Perhaps such plant responses are adequately flexible but not quick enough (see feature #5). Yet, given the central role of lifespan in UAL, shouldn’t quickness be treated as a relative measure? Or, are we to use the same standard of quickness for insects that live just one day and trees that live hundreds of years? With respect to ‘false alarms’ in plants, over-reacting due to over-learning may explain the evolution of ameliorating mechanisms specific to plants, analogous to those Birch et al. consider in the case of animals (e.g., plant stress responses in terms of an increase in levels of overall phenotypic integration) (Calvo, Gagliano, Souza & Trewavas 2020b; Calvo and Trewavas 2020).

But one needn’t slow down for plants across the board. Another UAL feature (#4) concerns the “escape from immediacy”, learning “how stimuli that are no longer present relate to current stimuli”. In rain forests, under-canopy trees steadily orient their foliage towards future sunfleck patterns, in ways that show extrapolation from past patterns.

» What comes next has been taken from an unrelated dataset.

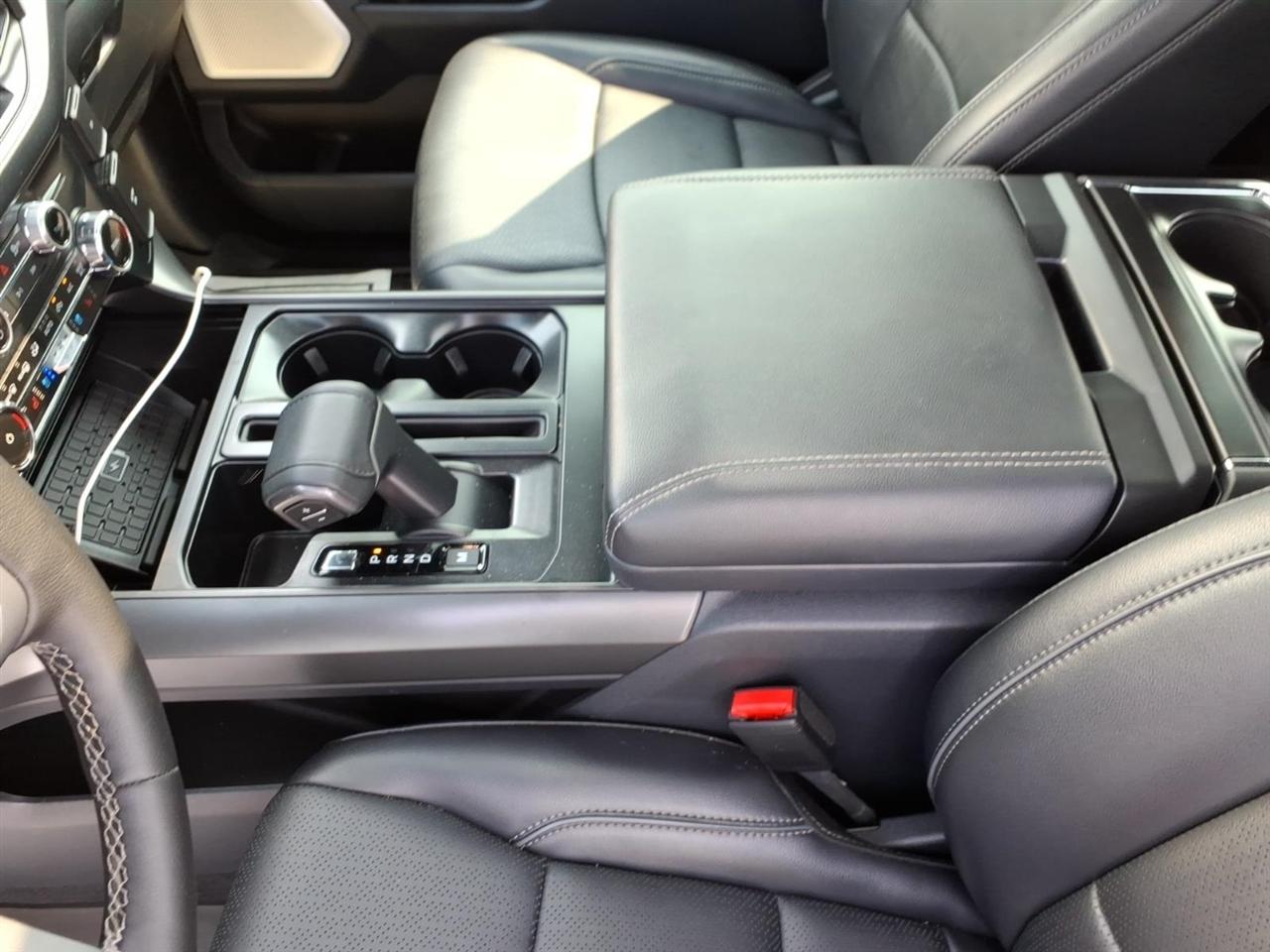 Ford F-150  2025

Returning to our opening point, the “unlimited” attribute, whether of heredity or associative learning, as Birch et al. acknowledge, is constrained. But what they do not acknowledge is that these possibility spaces are not merely constrained, they are actively shaped by pressures that appear to undermine the very promise of being unlimited. Organisms are in constant interaction with their local environment, and their complexity as alleged “experiencing systems” must be tailored to their concrete needs (Mediano et al. 2021).

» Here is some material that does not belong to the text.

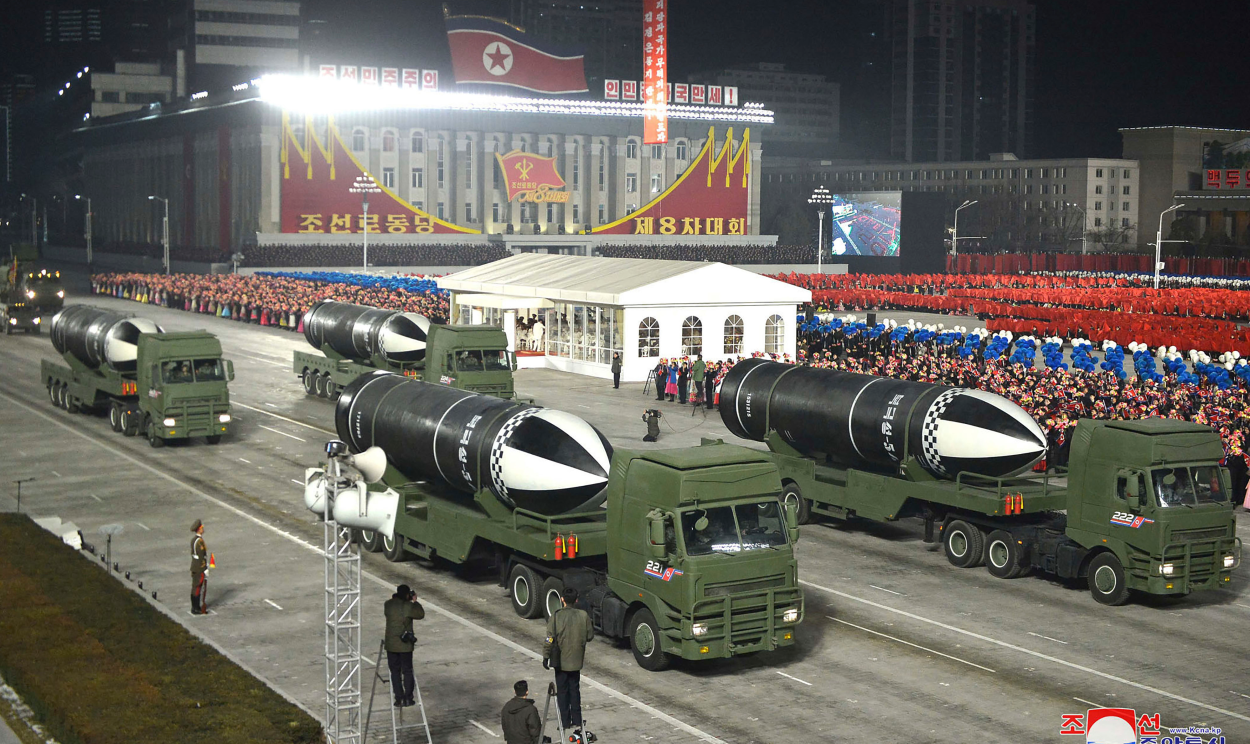 Evento ocorreu após oitava edição do congresso do Partido dos Trabalhadores; Kim Jong-un acompanhou desfile na tribuna de honra ao lado de outros líderes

Despite the zoocentric framing of their proposed experimental tests, Birch et al. concede that the distribution of UAL might be larger, and are thus open to the possibility that future experiments confirm the existence of UAL in some other taxa/phyla. Can experiments be devised to empirically measure plant forms of learning (Baluška et al. 2018) that would meet UAL expectations? Existing experimental studies exploring associative learning in plants report mixed results (see Adelman 2018 for the review). Most of these studies have been carried out in 1960–70s and lack sufficient experimental rigor. Gagliano et al. (2016) provide the most recent evidence of associative learning in pea plants. However, the one and only recent attempt to replicate it has not succeeded and remains contested as of today (Markel 2020a, 2020b; Gagliano et al. 2020). Replication studies of Gagliano et al.’s results are needed (Abramson and Chicas-Mosier 2016). More recently, the model plant Arabidopsis thaliana has been reported to exhibit aversive conditioning (Bhandawat et al. 2020), but this, too, awaits independent replication.

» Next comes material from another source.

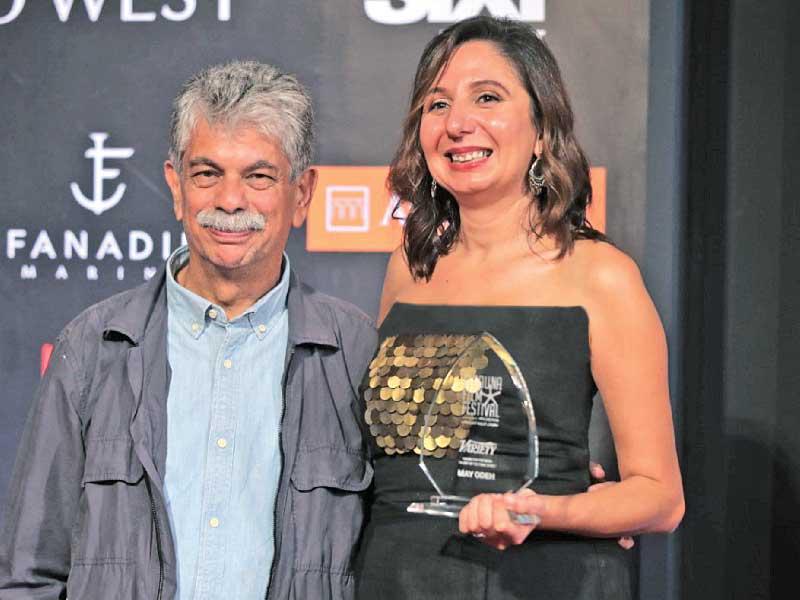 المنتجة الفلسطينية مي عودة مع الجائزة برفقة انتشال التميمي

Overall, there is not enough conclusive empirical evidence to either accept or rule out what would amount to UAL in plants. Current experimental research at MINTLab aims to find out whether plants are responsive enough to coaching to meet or surpass basic associative learning. At least we are in agreement with the authors about one key point, in line with their recognition that molluscs and annelids have been insufficiently studied. Namely, as to the matter of which organisms exhibit UAL and consciousness: the jury is still out.